We rolled into our spot at about 7:30 the temperature reading on Shane's (bwhntr) truck read 26 degrees. :shock:

The kids were ready for some fun.









Not sure if bwhntr was ready.









First off we made our way through a field which in the "good ole days" would yield a limit of birds for 6 hunters in the first hour. I hoped we could at least find a couple of birds. Half way up the mile long stretch Cooper had retrieved a couple of Jack Rabbits for me, and Pointed a Two Point Buck from 10 yards. No real signs of Pheasants. Finally Shane flushed a hen. It was good to know that there was at least one bird around.

We hunted a good hour or more when Cooper went on point. I was excited as I worked towards him, finally I could see a Rooster laying low in the grass. I had all day to get ready. I worked in, flushed the bird, then proceeded to miss two shots at that bird. I am going to remember that miss for a long time. We had actually seen a Rooster! I hadn't seen one on that property all year. A few minutes later Tex and Hunter flushed another Rooster (and missed the shots). Shane and I worked through where that bird landed with no results. Tex and Hunter went through right after us and Tex was able to shoot the first Rooster of the day. I felt good because no matter what happened after that, we weren't going to get skunked like I did last year.

A little while later Cooper went on a nice point again. Hootch came in a little tight and the bird flushed. I was a little ways back and I thought it was a hen Shane said it was a rooster so he and Haley went to chase that bird amd see if they could get another chance at it. Hootch was able to point that bird two more times but that bird was a smart one and was able to sneak around them and flushed out of range again.

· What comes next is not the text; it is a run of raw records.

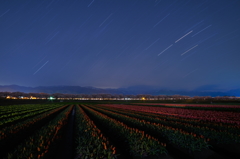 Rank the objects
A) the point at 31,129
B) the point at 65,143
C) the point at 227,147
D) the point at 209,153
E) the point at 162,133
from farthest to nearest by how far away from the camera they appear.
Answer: the point at 31,129 → the point at 65,143 → the point at 162,133 → the point at 227,147 → the point at 209,153

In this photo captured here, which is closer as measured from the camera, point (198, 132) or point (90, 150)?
point (90, 150)

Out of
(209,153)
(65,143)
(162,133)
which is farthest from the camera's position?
(65,143)

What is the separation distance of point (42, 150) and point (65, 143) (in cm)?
489

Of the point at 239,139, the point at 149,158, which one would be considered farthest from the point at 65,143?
the point at 239,139

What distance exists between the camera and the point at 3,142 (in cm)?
675

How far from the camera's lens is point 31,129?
10555mm

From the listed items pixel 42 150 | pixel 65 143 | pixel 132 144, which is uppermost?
pixel 42 150

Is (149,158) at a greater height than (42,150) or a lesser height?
lesser

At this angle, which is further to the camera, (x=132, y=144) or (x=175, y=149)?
(x=175, y=149)

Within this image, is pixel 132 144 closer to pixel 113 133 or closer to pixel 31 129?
pixel 113 133

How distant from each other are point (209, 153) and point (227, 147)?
159cm

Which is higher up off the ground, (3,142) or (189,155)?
(3,142)

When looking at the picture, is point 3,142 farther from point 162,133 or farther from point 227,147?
point 227,147

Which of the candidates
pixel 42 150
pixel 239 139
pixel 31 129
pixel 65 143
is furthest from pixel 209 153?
pixel 31 129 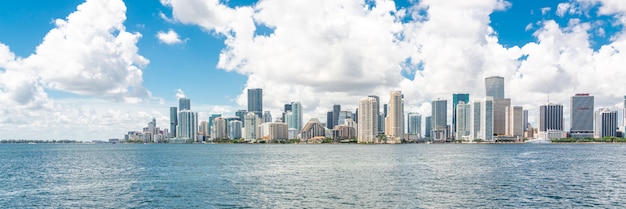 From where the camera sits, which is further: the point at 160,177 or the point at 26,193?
the point at 160,177

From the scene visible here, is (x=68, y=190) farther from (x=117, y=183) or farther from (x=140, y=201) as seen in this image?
(x=140, y=201)

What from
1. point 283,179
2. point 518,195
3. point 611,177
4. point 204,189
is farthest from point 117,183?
point 611,177

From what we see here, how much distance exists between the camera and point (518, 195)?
2584 inches

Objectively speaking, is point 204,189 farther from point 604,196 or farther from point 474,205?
point 604,196

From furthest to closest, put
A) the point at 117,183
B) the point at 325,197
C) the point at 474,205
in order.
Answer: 1. the point at 117,183
2. the point at 325,197
3. the point at 474,205

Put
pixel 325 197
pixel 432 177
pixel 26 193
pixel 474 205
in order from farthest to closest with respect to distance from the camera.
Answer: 1. pixel 432 177
2. pixel 26 193
3. pixel 325 197
4. pixel 474 205

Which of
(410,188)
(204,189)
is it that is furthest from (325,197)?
(204,189)

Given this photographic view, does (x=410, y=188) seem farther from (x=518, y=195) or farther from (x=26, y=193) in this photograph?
(x=26, y=193)

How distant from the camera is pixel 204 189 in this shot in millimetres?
71562

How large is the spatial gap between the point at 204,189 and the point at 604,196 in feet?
209

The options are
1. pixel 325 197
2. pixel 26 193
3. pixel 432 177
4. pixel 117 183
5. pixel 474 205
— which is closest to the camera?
pixel 474 205

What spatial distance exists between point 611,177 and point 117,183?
9993 cm

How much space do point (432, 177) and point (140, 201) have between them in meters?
56.9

While they were trying to work in to that bird again, Camryn and I worked through another nice piece of cover. Cooper slammed into a nice point. I asked Camryn to watch closely and stay put while I went in for the flush. I flushed a nice rooster that cackled loudly as it took flight. Cooper held solid through the flush. I took aim and fired. This time I connected. From behind me I heard Camryn yell "woohoo" as she watched the bird hit the ground. Cooper made a nice retrieve to hand.










Camryn and the Rooster. She wasn't too sure about holding that big ol' bird.









When we made it back to the trucks, we found that Tex and Hunter had bagged another bird. 









The final bird of the day was another sneaky one. We weren't in really thick cover at the time. Cooper went on point and Hootch backed nicely. Shane went out and tried for several minutes to produce a bird as the dogs held. Right after we released the dogs, Tex and Hunter came up behind us and flushed that bird. I guess he snuck right around us.

Cooper points, Hootch backs.









For some extra fun, we brought a few pen raised chukars to work the dogs on in case we didn't see any birds. TAK or "Little Tommy Kosmack" as I started calling him, did great. This dog has some serious potential.










I know that Tex has a few pics. I hope he will post them up. Here are a few more fun ones from our day. Hopefully I'll get one more go at Pheasants before the season ends.

Cheeto's anyone?









Corn Dogs.


----------



## InvaderZim (Sep 7, 2007)

Lucky buggers!


----------



## Huge29 (Sep 17, 2007)

12 Volt Man said:


> We hunted a good hour or more when Cooper went on point. I was excited as I worked towards him, finally I could see a Rooster laying low in the grass. I had all day to get ready. I worked in, flushed the bird, then proceeded to miss two shots at that bird. I am going to remember that miss for a long time. We had actually seen a Rooster! I hadn't seen one on that property all year. A few minutes later Tex and Hunter flushed another Rooster (and missed the shots). Shane and I worked through where that bird landed with no results. Tex and Hunter went through right after us and Tex was able to shoot the first Rooster of the day. I felt good because no matter what happened after that, we weren't going to get skunked like I did last year.


I have had plenty of days like that; on the positive side of things; there are now a few more birds there for next year.


----------